• _Task material_
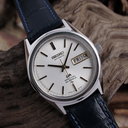 Seiko - Lord Matic Special - Zonder minimumprijs - 5216-6050 - Heren - 1974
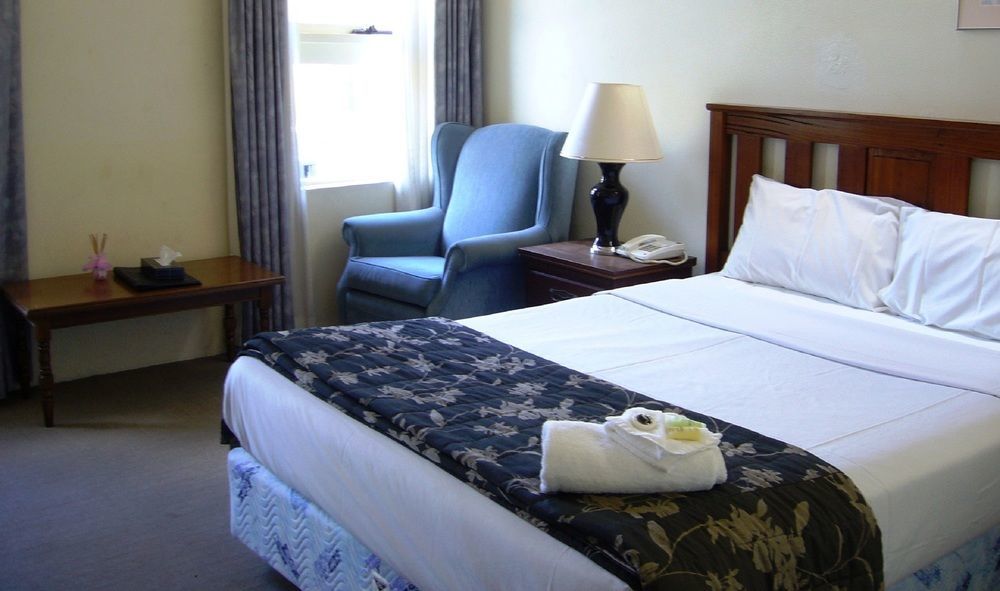 Hotel Cavalier Wantirna South Zewnętrze zdjęcie
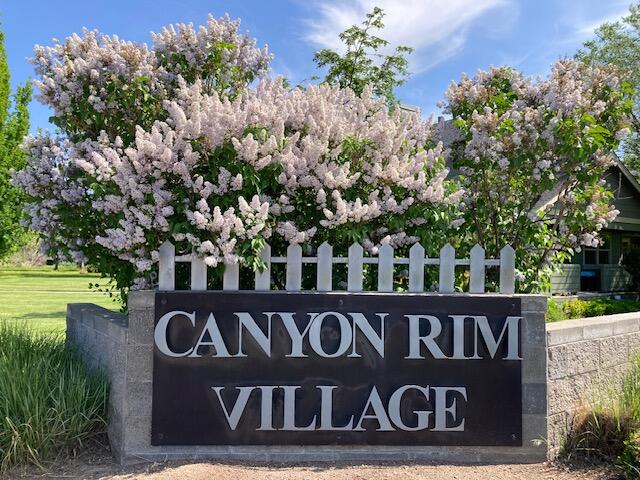 Canyon Rim Village - Land
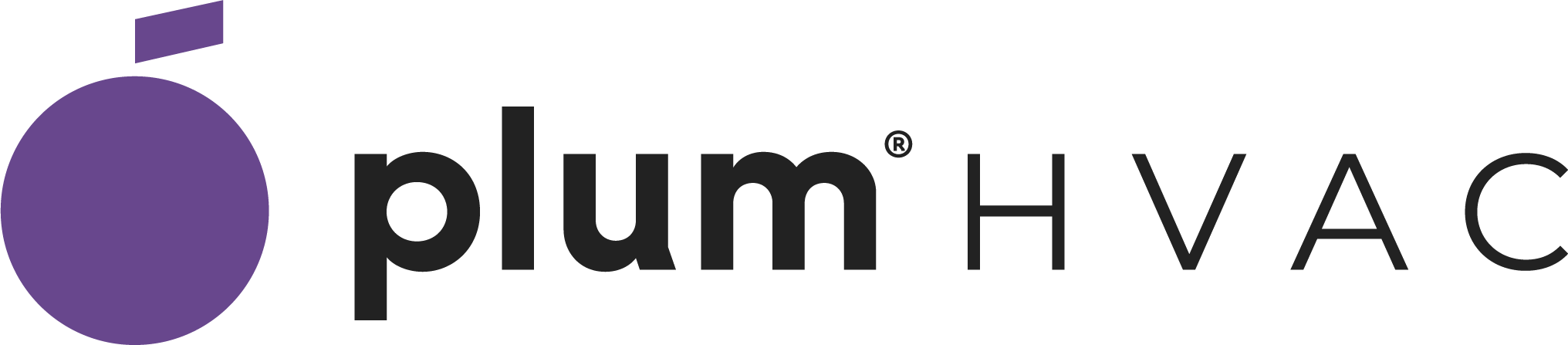 Plum HVAC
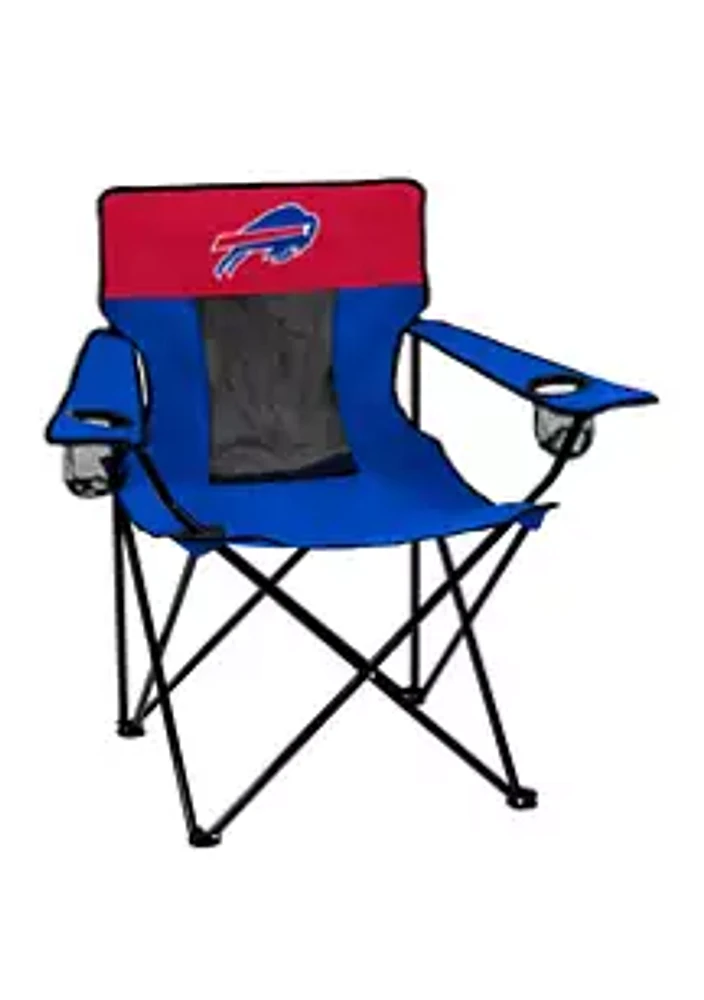 NFL Buffalo Bills Elite Chair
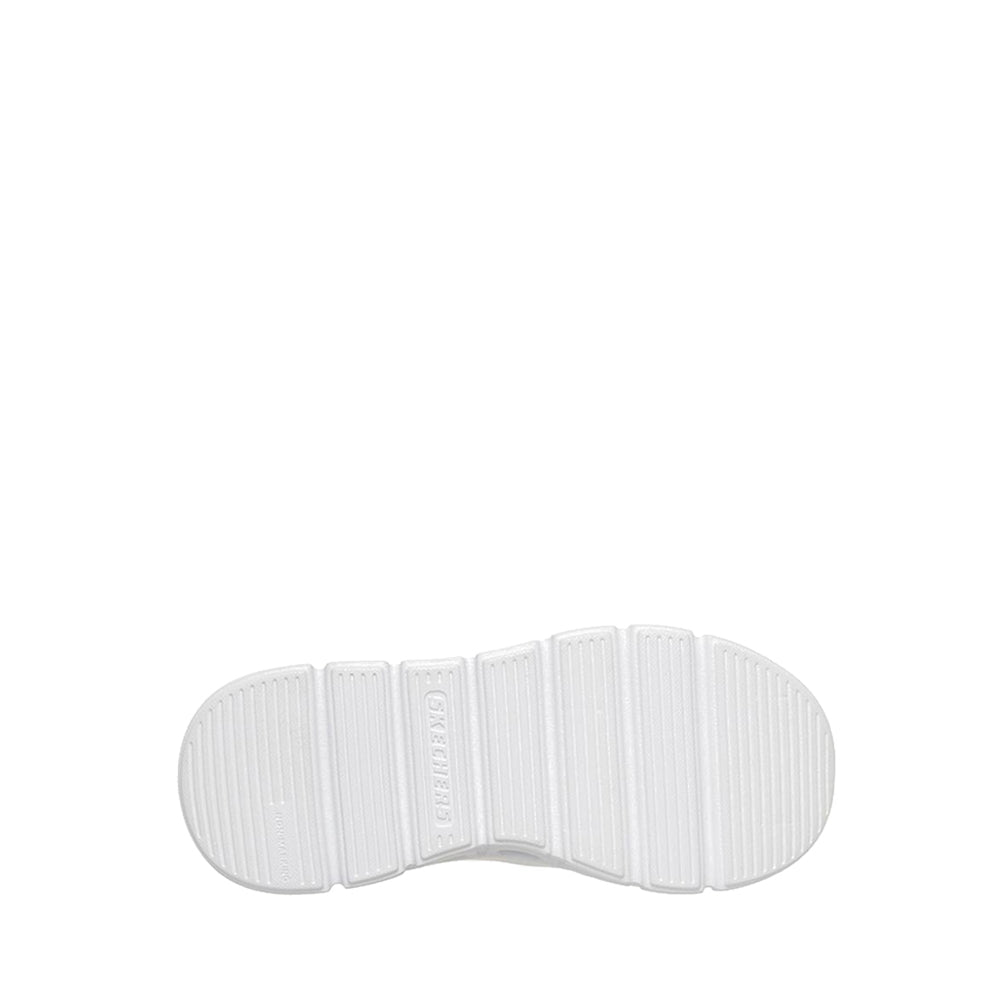 Skechers Skechers Glide-Step Flow Boy's Lifestyle Shoes - Grey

• _Task prompt_
Nothing in the entries above should change when they are printed again, except that the pictures are dropped.

• _The completed task_
 Seiko - Lord Matic Special - Zonder minimumprijs - 5216-6050 - Heren - 1974
 Hotel Cavalier Wantirna South Zewnętrze zdjęcie
 Canyon Rim Village - Land
 Plum HVAC
 NFL Buffalo Bills Elite Chair
 Skechers Skechers Glide-Step Flow Boy's Lifestyle Shoes - Grey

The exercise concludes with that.